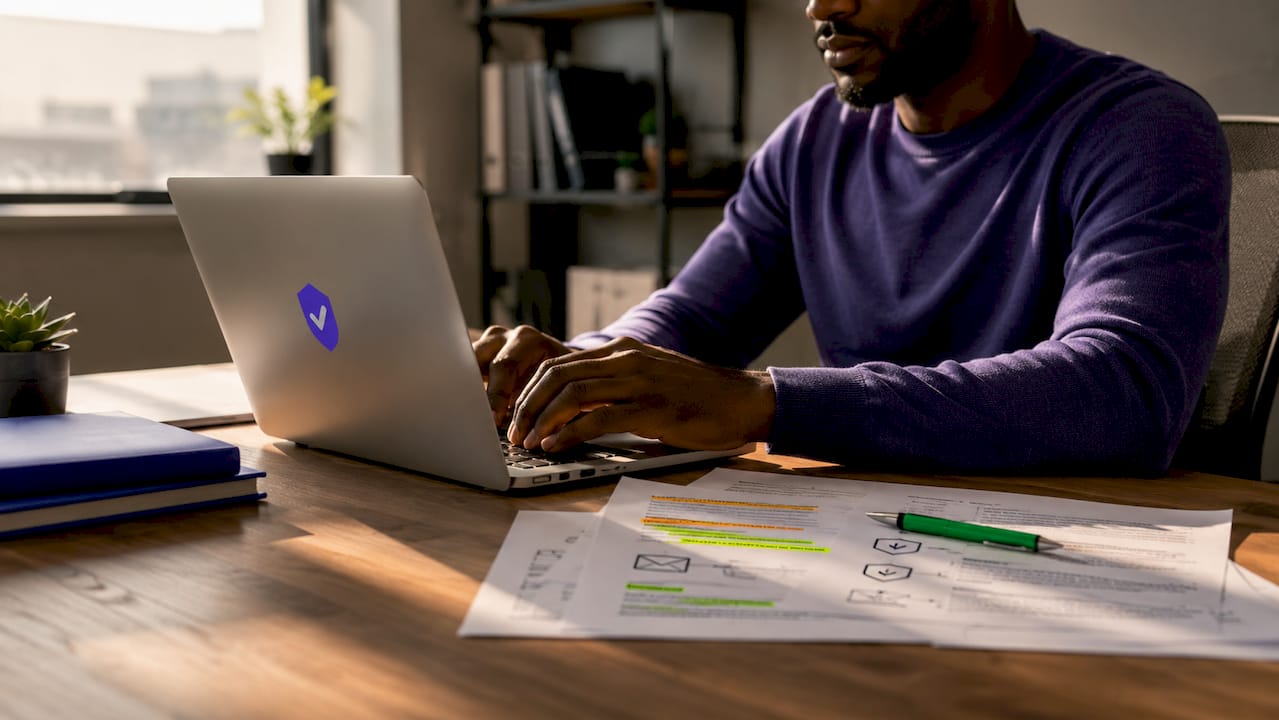 Hands typing near email security documents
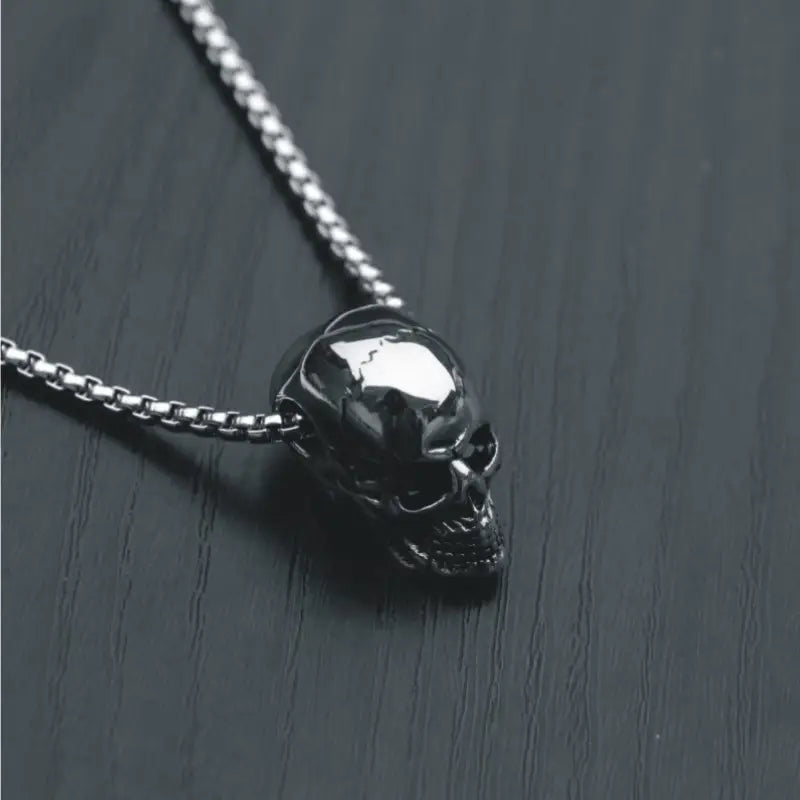 Silver skull necklace displayed on a dark wooden surface for a bold and edgy aesthetic.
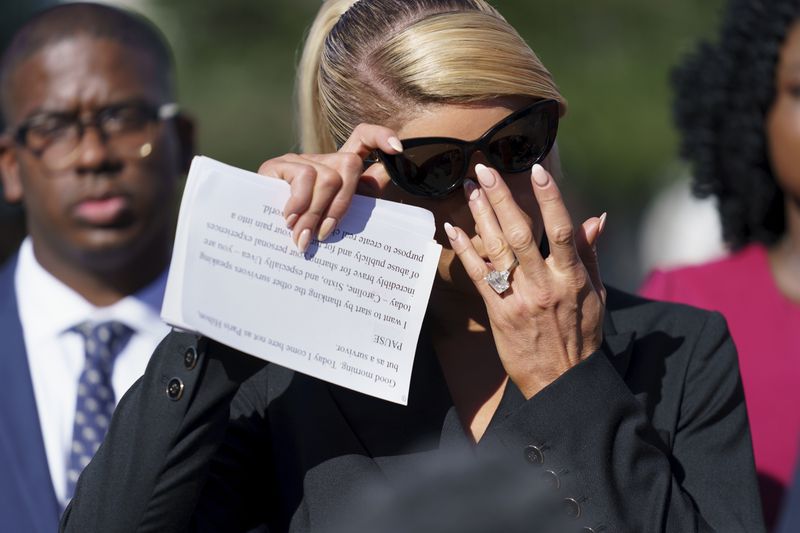 Hotel heiress and reality television star Paris Hilton,
lends her celebrity to support legislation to establish a bill of
rights for children placed in congregate care facilities, at the
Capitol on Wednesday. Hilton says she was
traumatized as a teenager when she was sent by her family to
abusive care facilities.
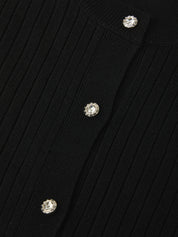 Close-up of a black ribbed sweater with crystal buttons on a dark background
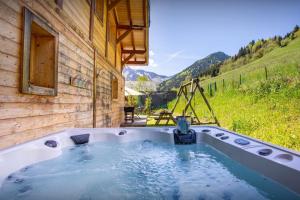 a jacuzzi tub with a view of a mountain at Chalet Levant Blanc - OVO Network in Seytroux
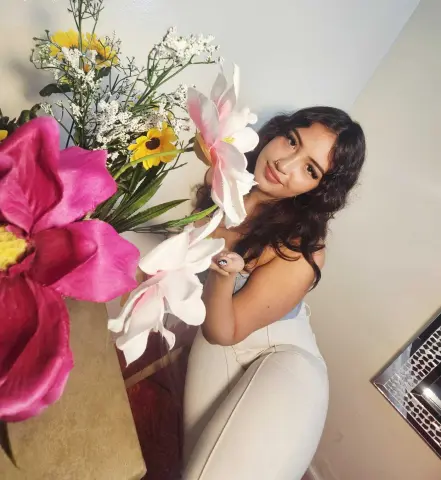 Smiling young woman in white pants sitting by vibrant pink and yellow flowers in a bright indoor setting.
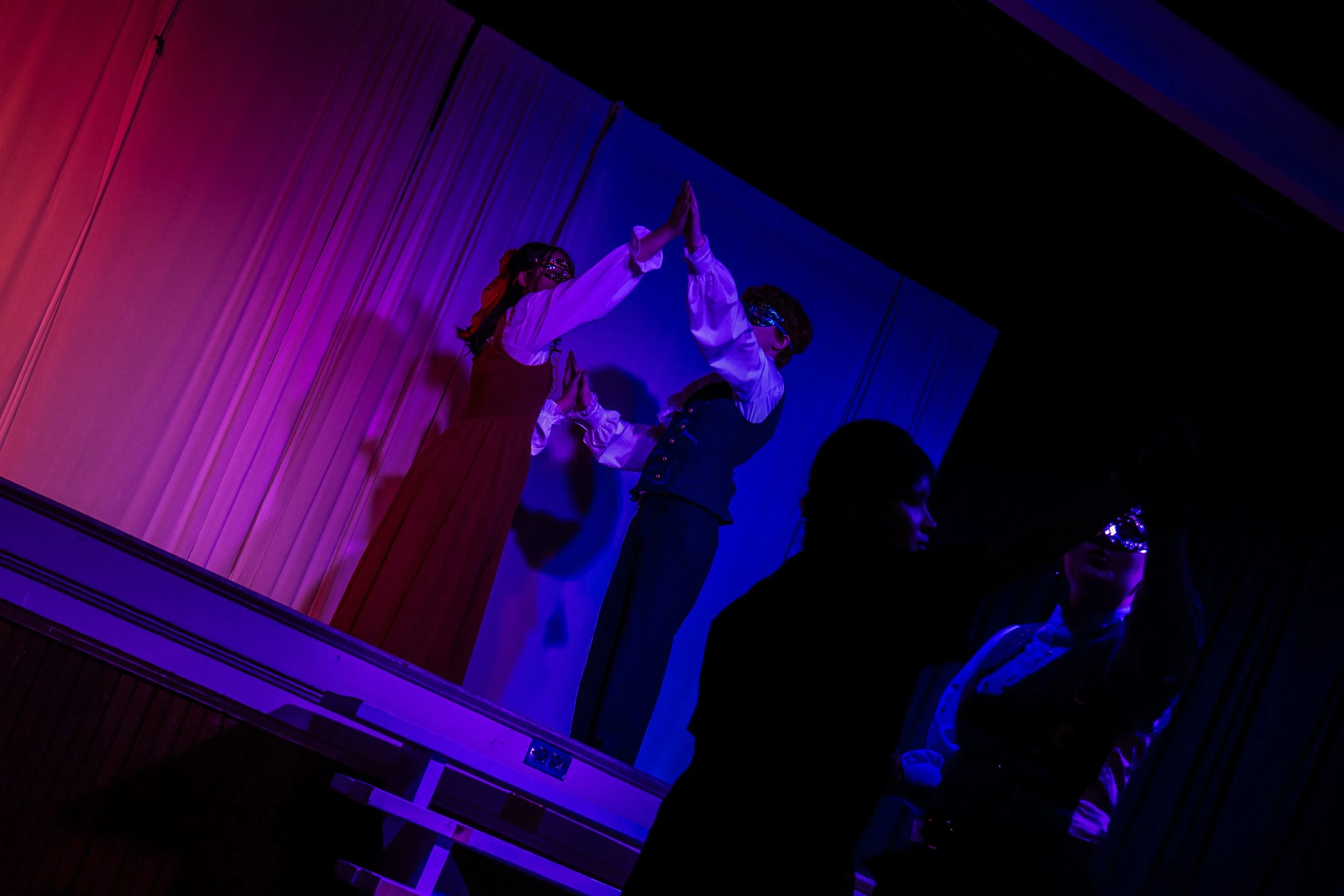 Two performers in costume with masks on stage, performing a synchronized dance with their hands pressed together, set against colorful stage lighting.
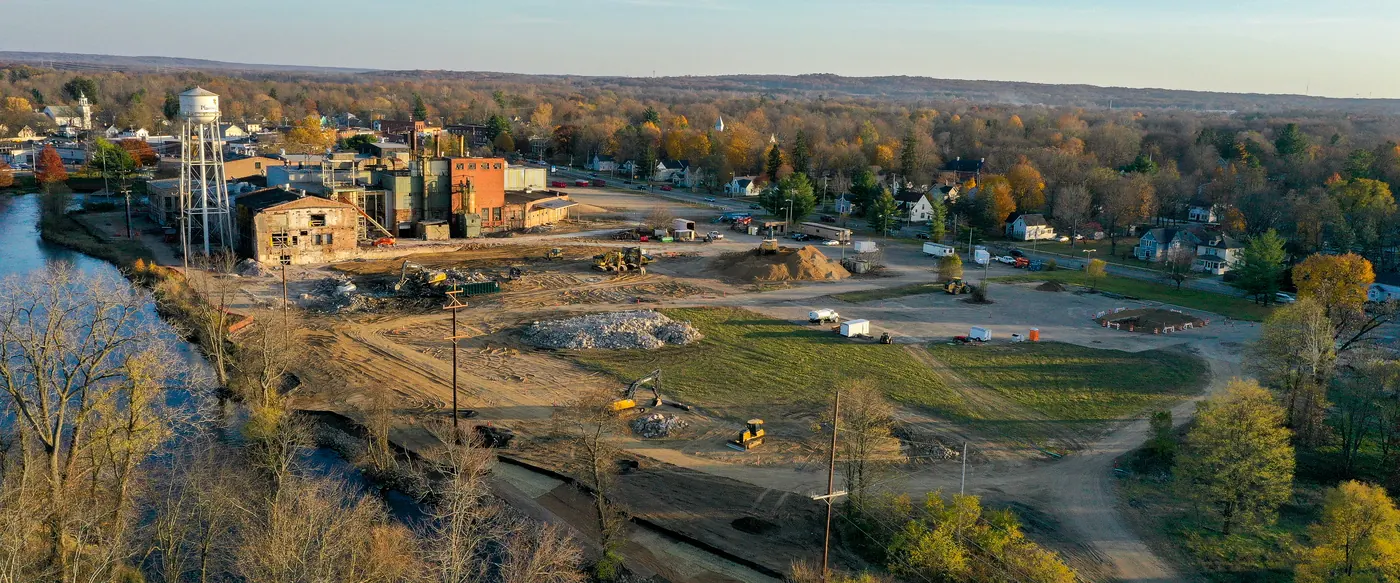 Fall drone view over the paper mill redevelopment site, the water tower and the Kalamazoo River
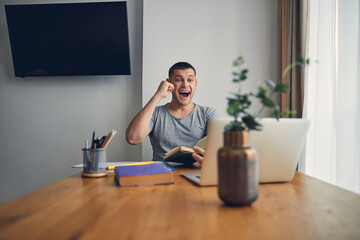 Successful young man raising hand of happiness
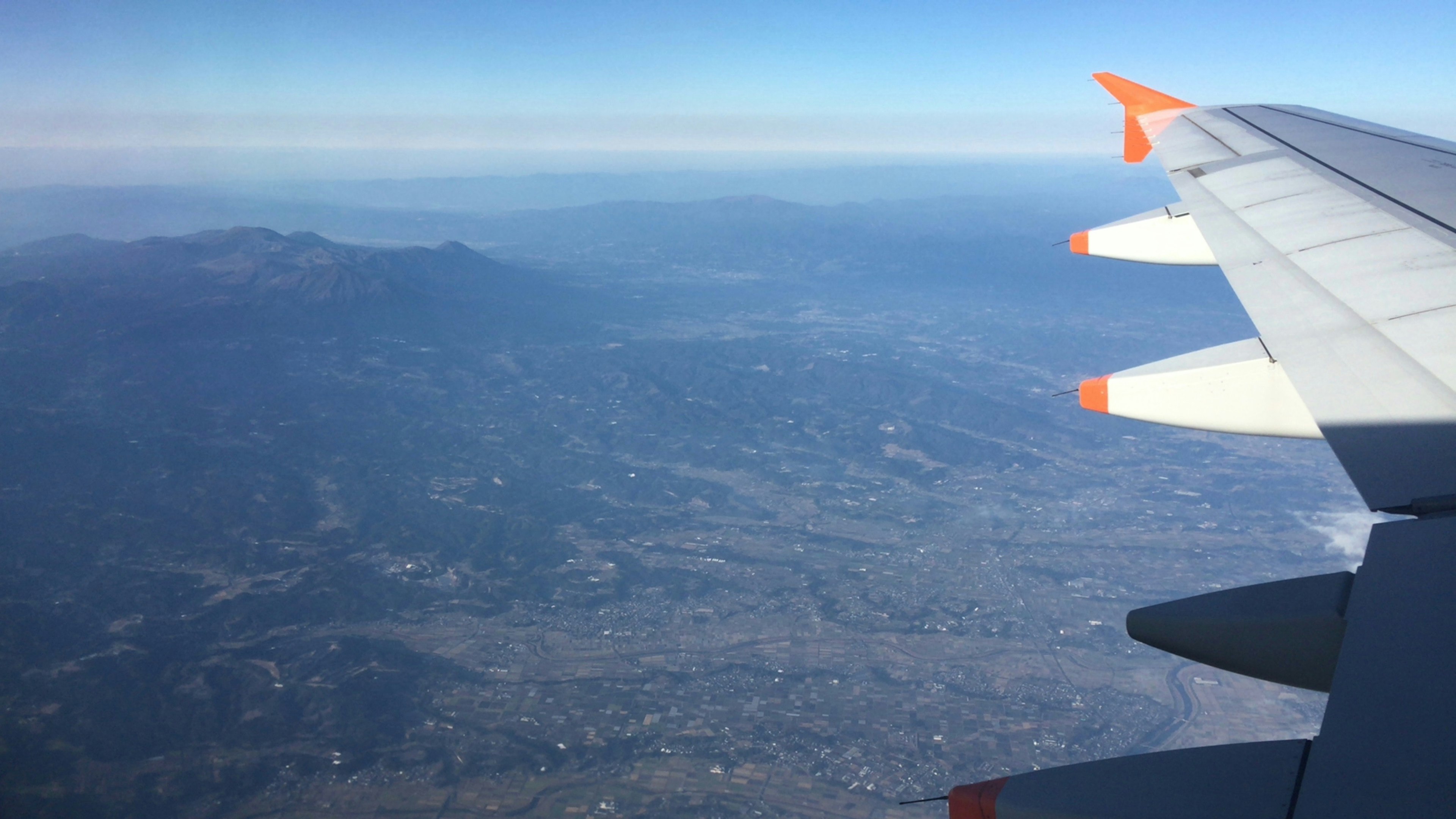 飛行機の翼から見える山々と都市の景色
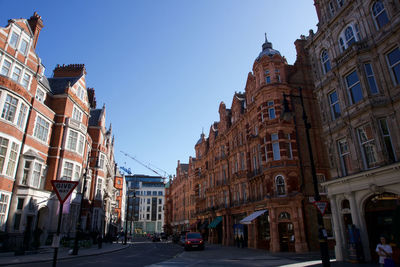 City street amidst buildings against sky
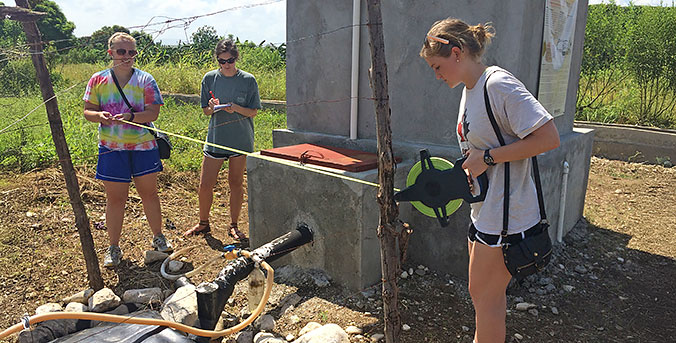 Three interns working on water project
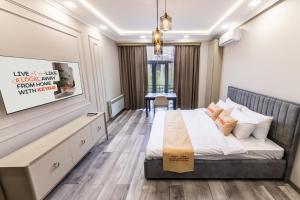 a bedroom with a bed and a desk in it at Apartment KeyGo #0010 next to St Sarkis Church in Yerevan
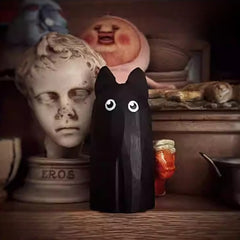 wooden black cat figurine display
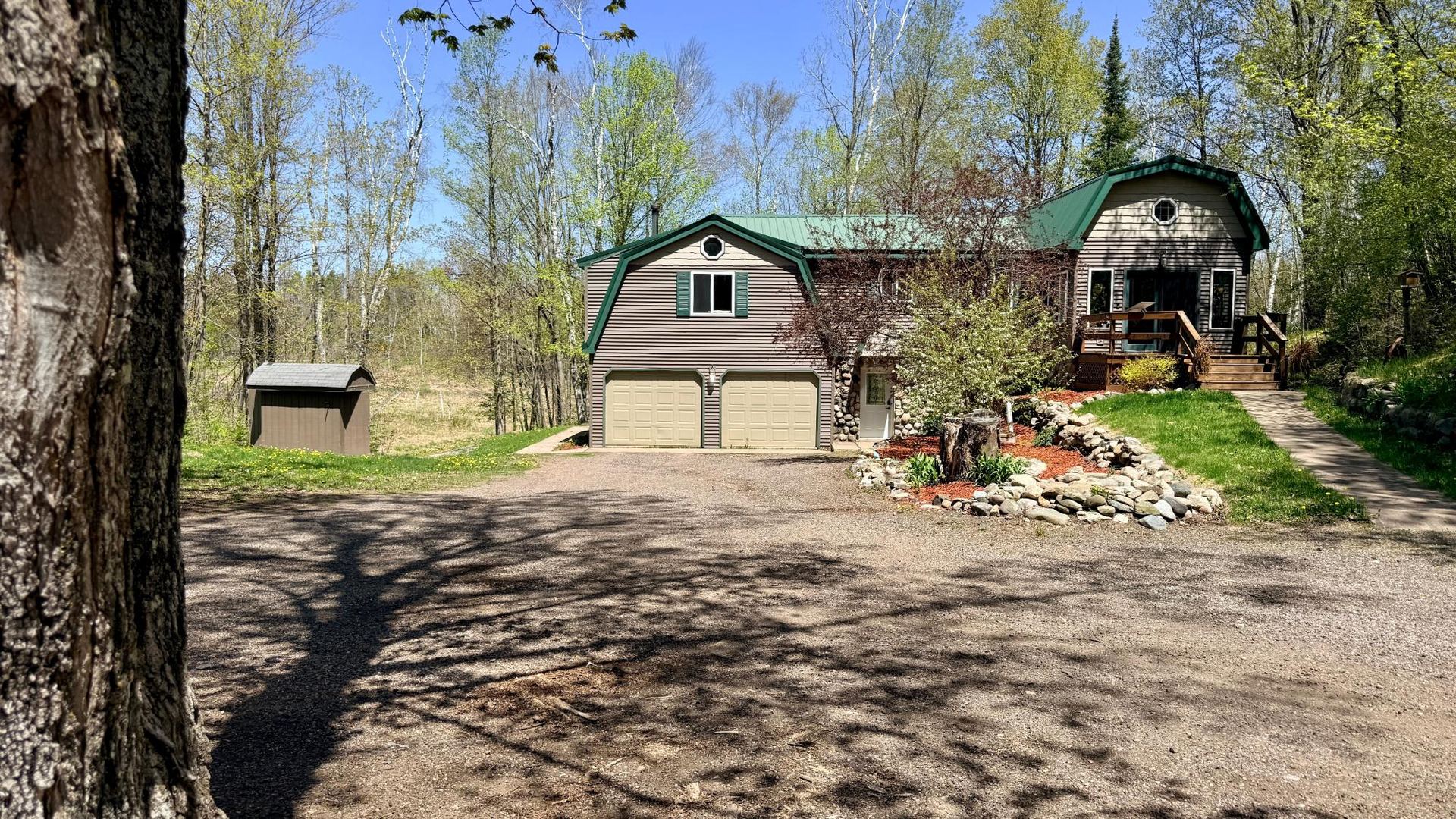 Northwoods home with green metal roof, seen from the gravel driveway through spring trees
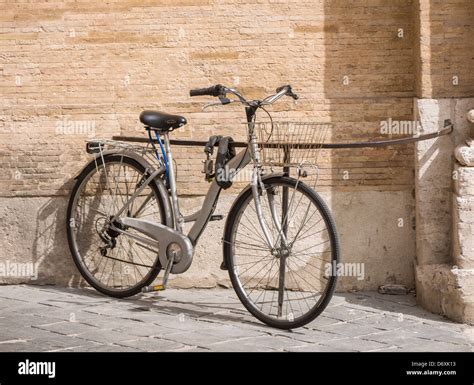 Bike Parked Next To An Old Wall Stock Photo Alamy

● **ABOUT THIS TASK**
Without the pictures, return each entry exactly as given.

● **RESPONSE AREA**
 Hands typing near email security documents
 Silver skull necklace displayed on a dark wooden surface for a bold and edgy aesthetic.
 Hotel heiress and reality television star Paris Hilton,
lends her celebrity to support legislation to establish a bill of
rights for children placed in congregate care facilities, at the
Capitol on Wednesday. Hilton says she was
traumatized as a teenager when she was sent by her family to
abusive care facilities.
 Close-up of a black ribbed sweater with crystal buttons on a dark background
 a jacuzzi tub with a view of a mountain at Chalet Levant Blanc - OVO Network in Seytroux
 Smiling young woman in white pants sitting by vibrant pink and yellow flowers in a bright indoor setting.
 Two performers in costume with masks on stage, performing a synchronized dance with their hands pressed together, set against colorful stage lighting.
 Fall drone view over the paper mill redevelopment site, the water tower and the Kalamazoo River
 Successful young man raising hand of happiness
 飛行機の翼から見える山々と都市の景色
 City street amidst buildings against sky
 Three interns working on water project
 a bedroom with a bed and a desk in it at Apartment KeyGo #0010 next to St Sarkis Church in Yerevan
 wooden black cat figurine display
 Northwoods home with green metal roof, seen from the gravel driveway through spring trees
 Bike Parked Next To An Old Wall Stock Photo Alamy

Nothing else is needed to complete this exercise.